**DATA RECORDS:**

========

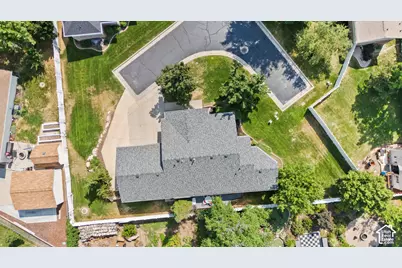 1928 E 5900 S, South Ogden, UT 84403 - Photo 33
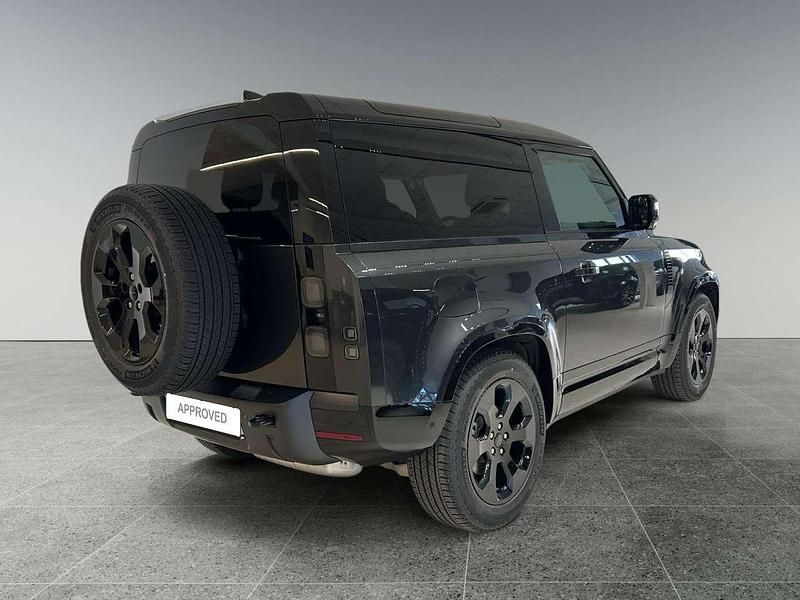 Usata Land Rover Defender SE Dynamic 200 CV (147 kW) 2026 Carphatian grey SUV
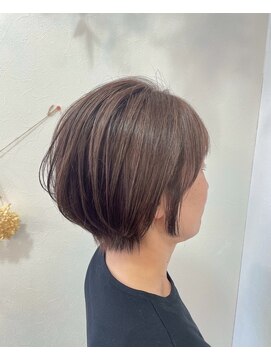 リリー LILY ヘアー メイク HAIR アンド & MAKE アッシュブラウンココアブラウン大人キレイなゆるふわボブ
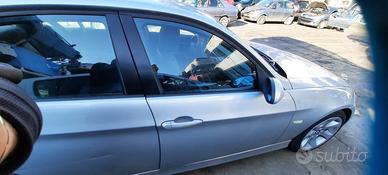 BMW 320D ANNO 2010 - PORTA ANTERIORE DESTRO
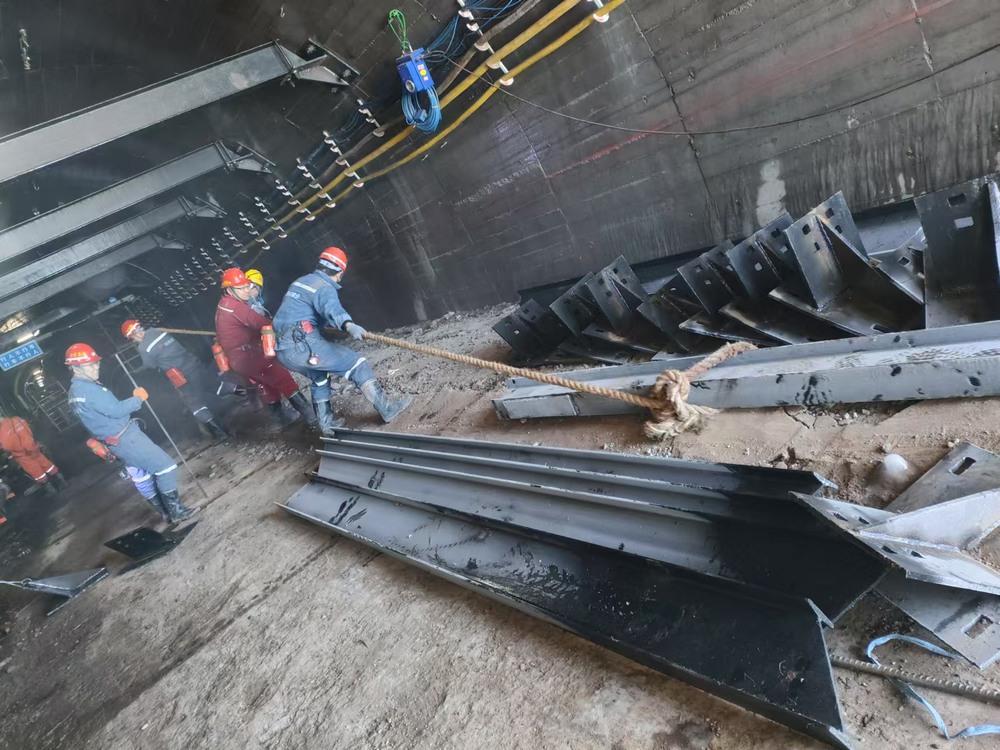 陜煤建設(shè)礦建二公司郭家灘項(xiàng)目部：青年技術(shù)“攻堅(jiān)隊(duì)”，助力項(xiàng)目快發(fā)展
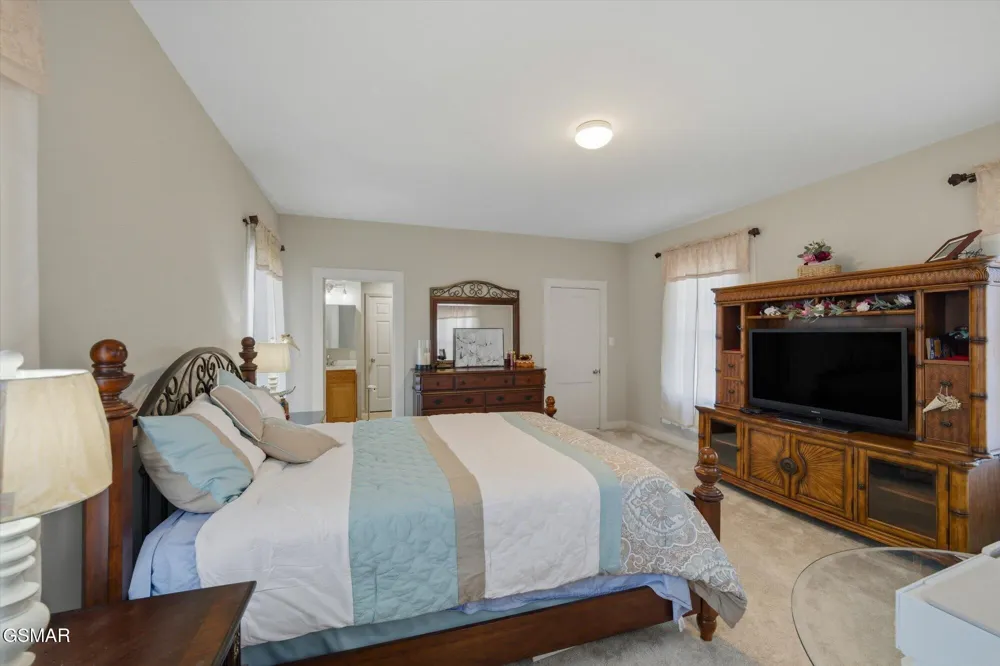 260 Highway 113 White Pine, TN 37890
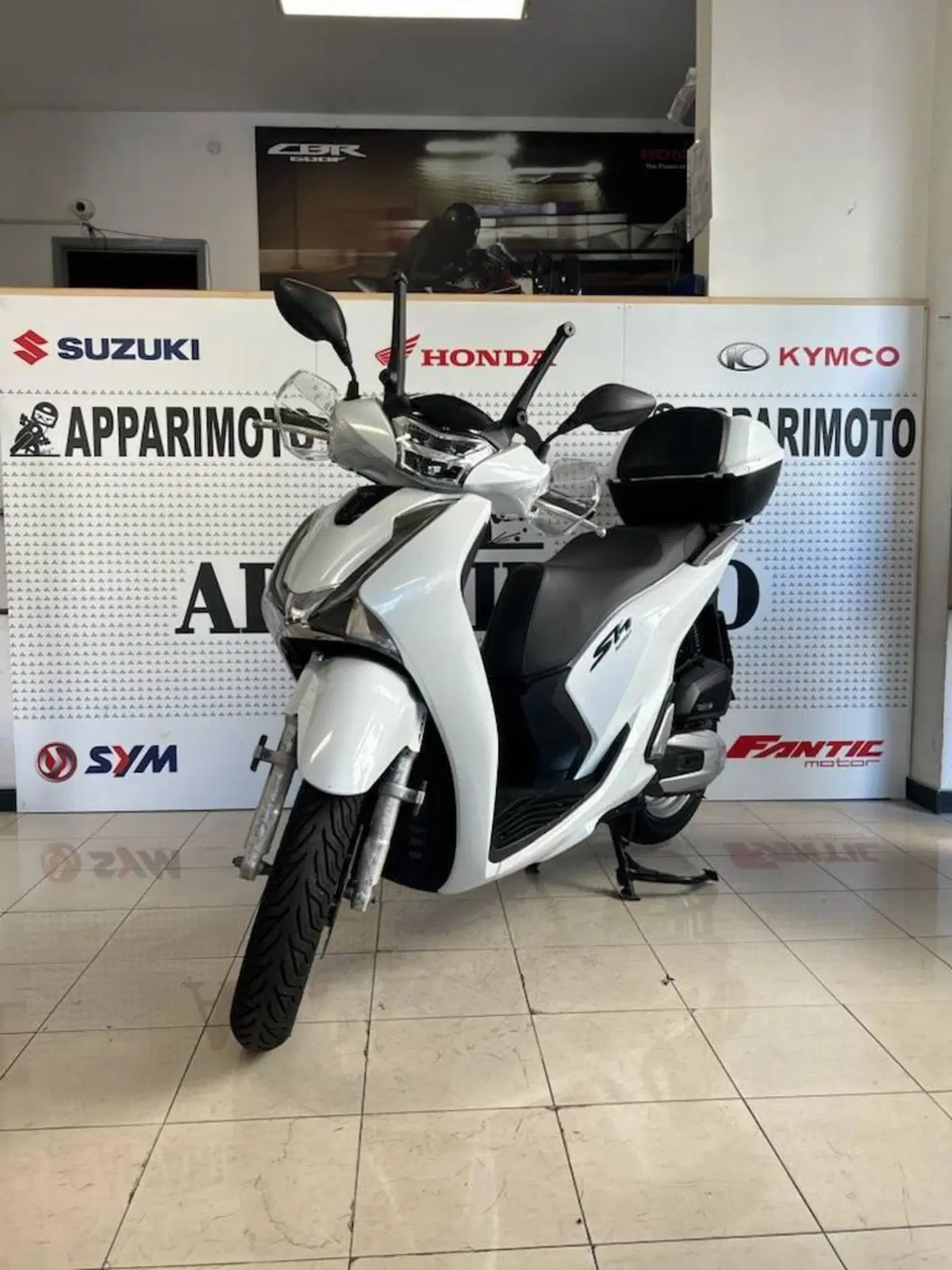 Honda SH 125i (2017 - 19) (3)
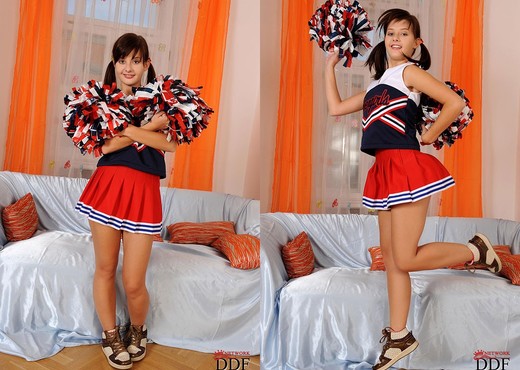 Anna Tatu - naughty cheerleader shows her feet - Feet Picture Gallery
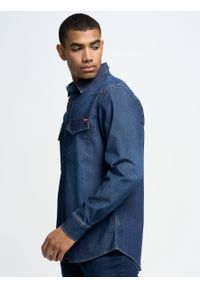 Big-Star - Koszula męska jeansowa Chuck 578. Kolor: niebieski. Materiał: jeans. Długość rękawa: długi rękaw. Długość: długie. Styl: klasyczny #3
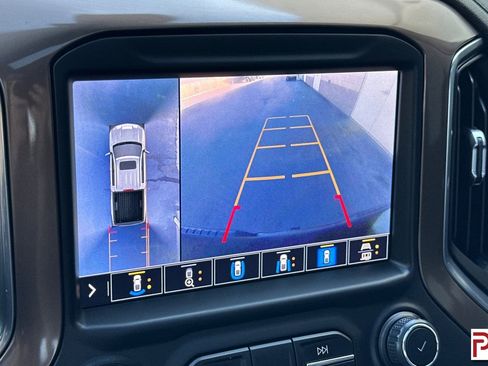 Used 2022 Chevrolet Silverado 1500 High Country w/ Technology Package image 23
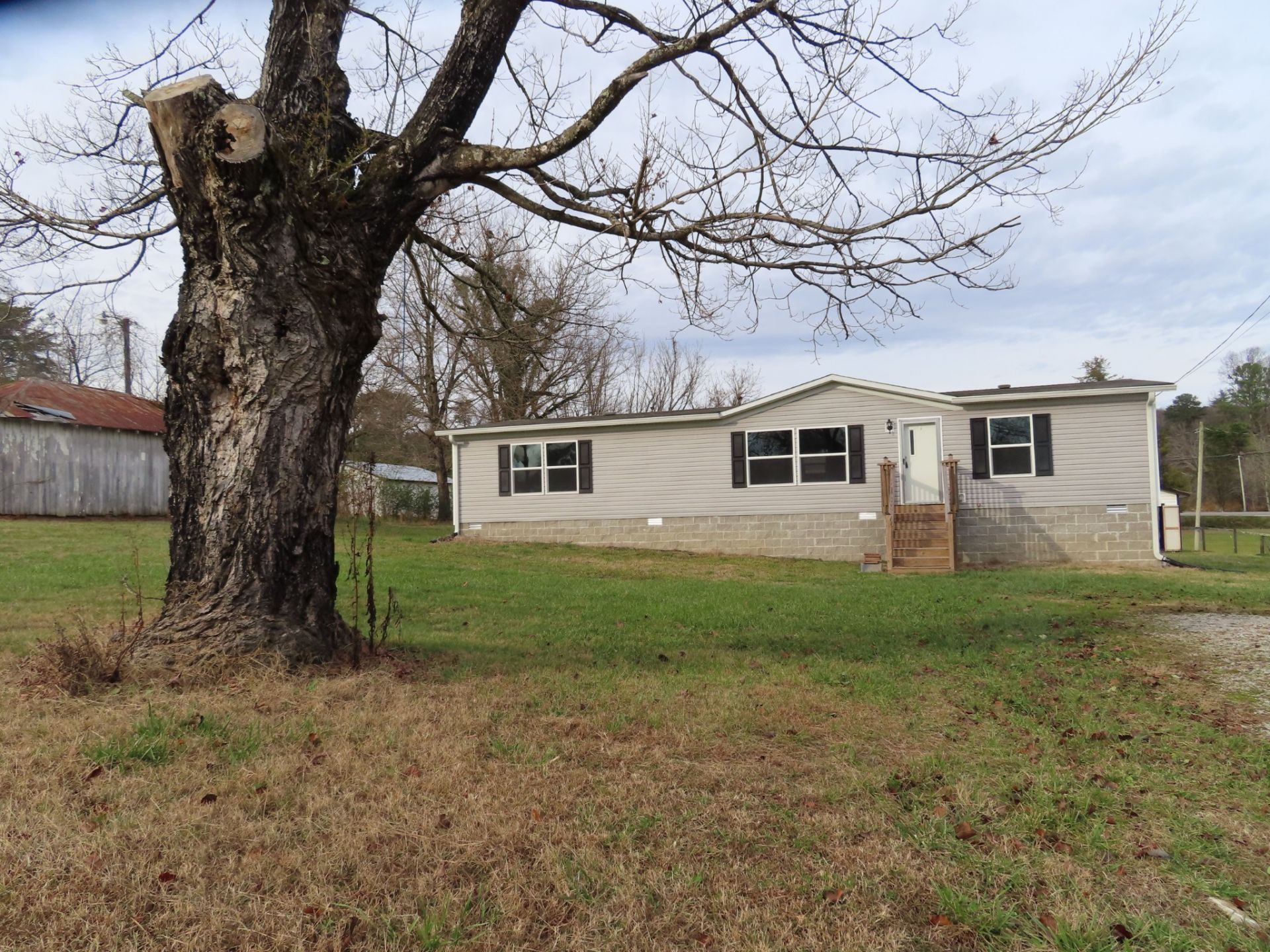 355 7th St, Tracy City, TN 37387 Main Photo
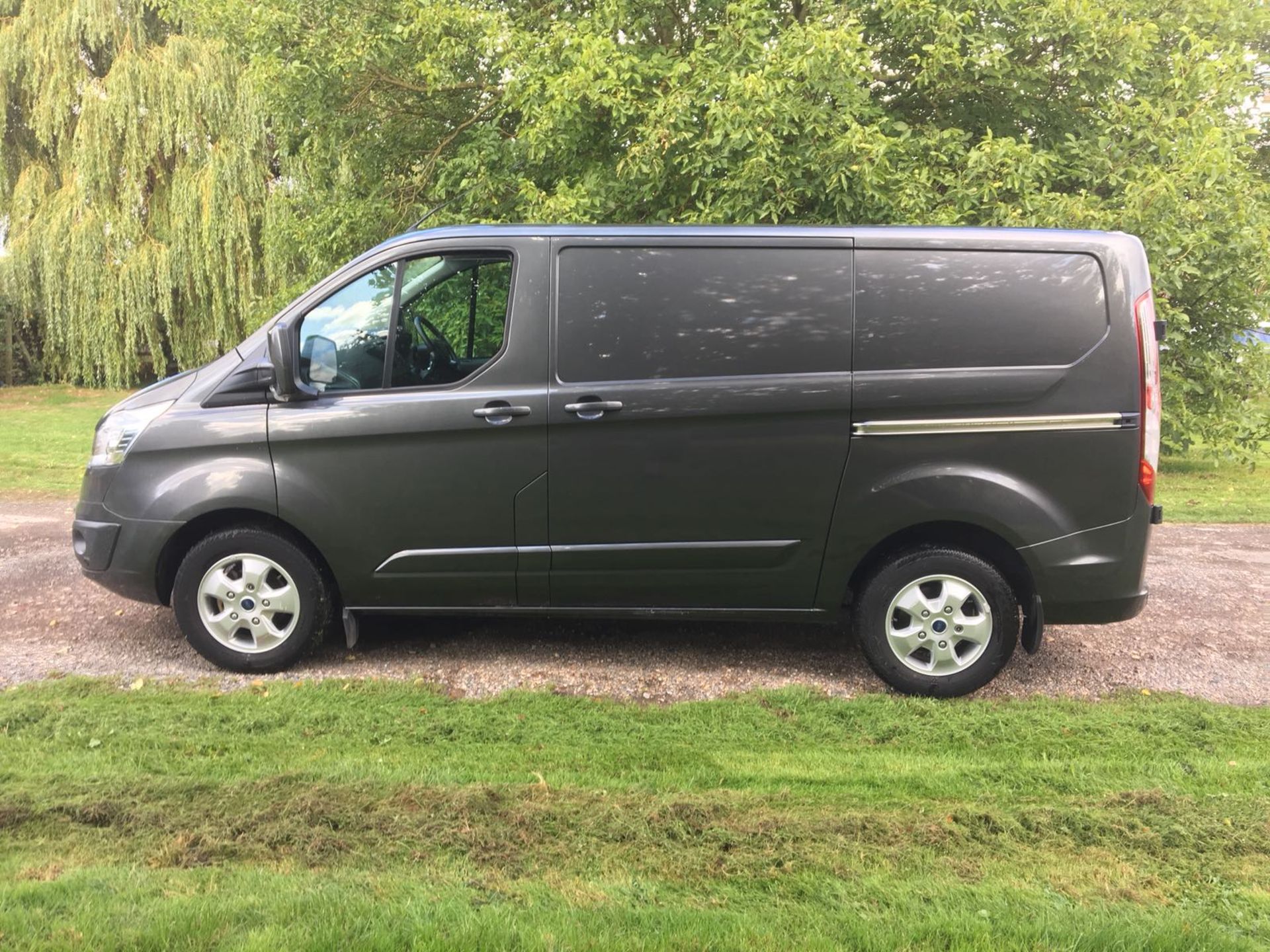 2016/66 REG FORD TRANSIT CUSTOM 270 LTD EDITION DIESEL PANEL VAN, SHOWING 0 FORMER KEEPERS *NO VAT* - Image 4 of 11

========

**BRIEF:**
Give back all of the entries verbatim, but without pictures.

**ANSWER BELOW:**
 1928 E 5900 S, South Ogden, UT 84403 - Photo 33
 Usata Land Rover Defender SE Dynamic 200 CV (147 kW) 2026 Carphatian grey SUV
 リリー LILY ヘアー メイク HAIR アンド & MAKE アッシュブラウンココアブラウン大人キレイなゆるふわボブ
 BMW 320D ANNO 2010 - PORTA ANTERIORE DESTRO
 陜煤建設(shè)礦建二公司郭家灘項(xiàng)目部：青年技術(shù)“攻堅(jiān)隊(duì)”，助力項(xiàng)目快發(fā)展
 260 Highway 113 White Pine, TN 37890
 Honda SH 125i (2017 - 19) (3)
 Anna Tatu - naughty cheerleader shows her feet - Feet Picture Gallery
 Big-Star - Koszula męska jeansowa Chuck 578. Kolor: niebieski. Materiał: jeans. Długość rękawa: długi rękaw. Długość: długie. Styl: klasyczny #3
 Used 2022 Chevrolet Silverado 1500 High Country w/ Technology Package image 23
 355 7th St, Tracy City, TN 37387 Main Photo
 2016/66 REG FORD TRANSIT CUSTOM 270 LTD EDITION DIESEL PANEL VAN, SHOWING 0 FORMER KEEPERS *NO VAT* - Image 4 of 11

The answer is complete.